> _Work to complete_: Copy the listing exactly as given. Omit every picture.

> _Recorded information_:

○ ○ ○ ○ ○

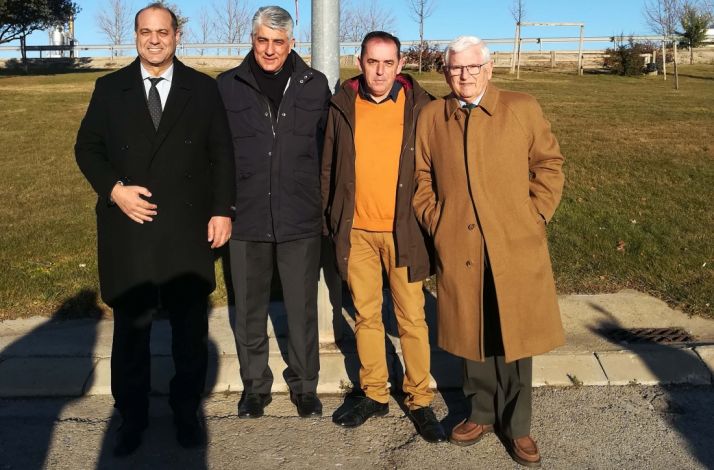 Los dos alcaldes (izda.), con Serrano y Ruiz Liso.  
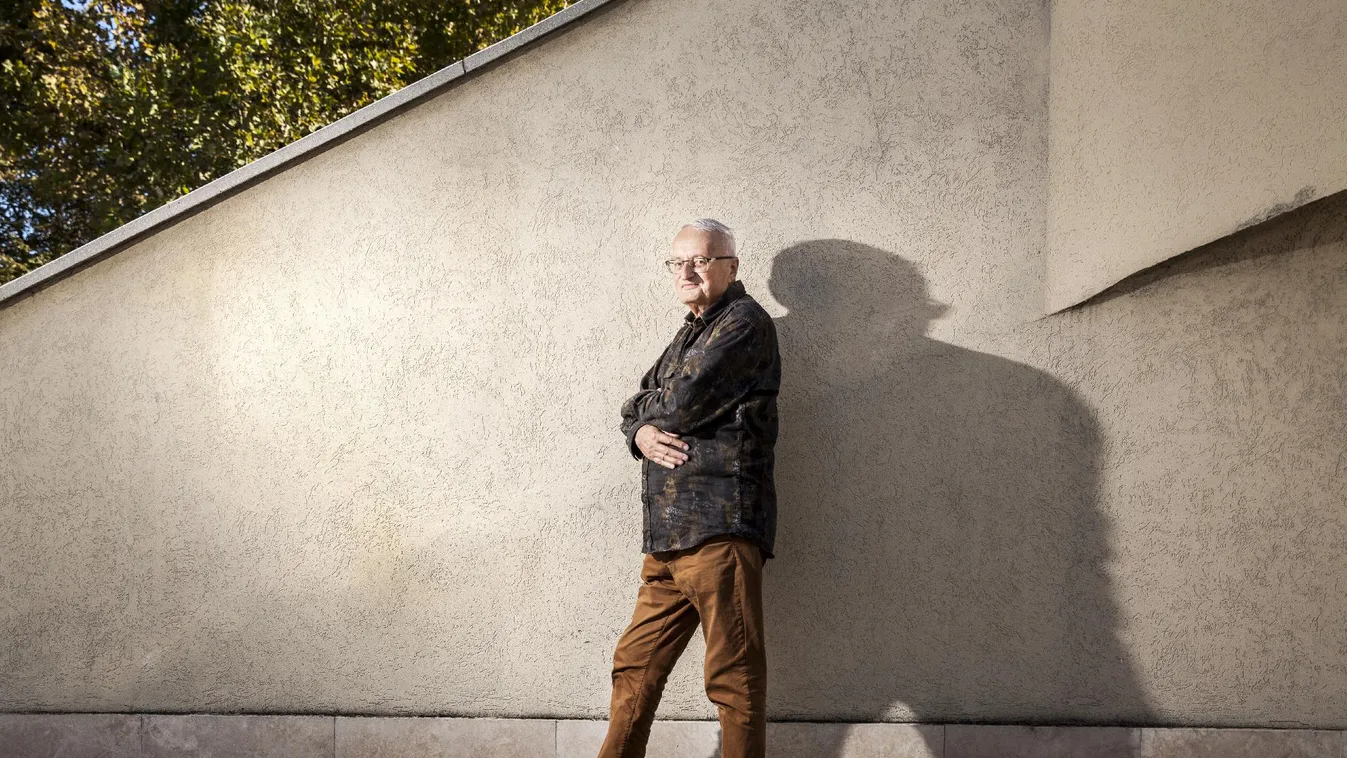 „Egyszerre élünk az űrkorszakban és a kőkorszakban”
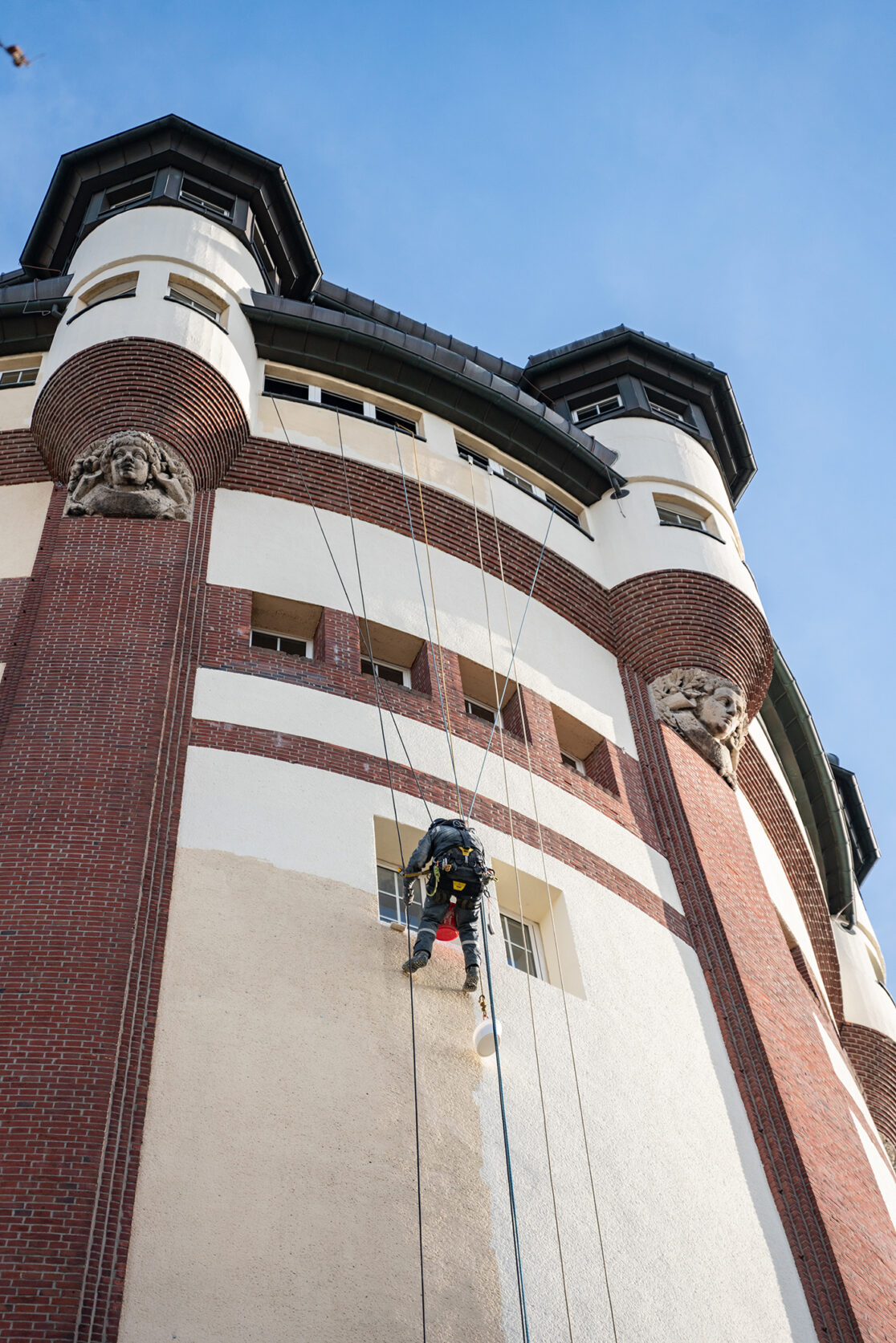 Industriekletterer seilt sich am denkmalgeschützten Wasserturm in Mönchengladbach ab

○ ○ ○ ○ ○

> _Finished task_:
 Los dos alcaldes (izda.), con Serrano y Ruiz Liso.  
 „Egyszerre élünk az űrkorszakban és a kőkorszakban”
 Industriekletterer seilt sich am denkmalgeschützten Wasserturm in Mönchengladbach ab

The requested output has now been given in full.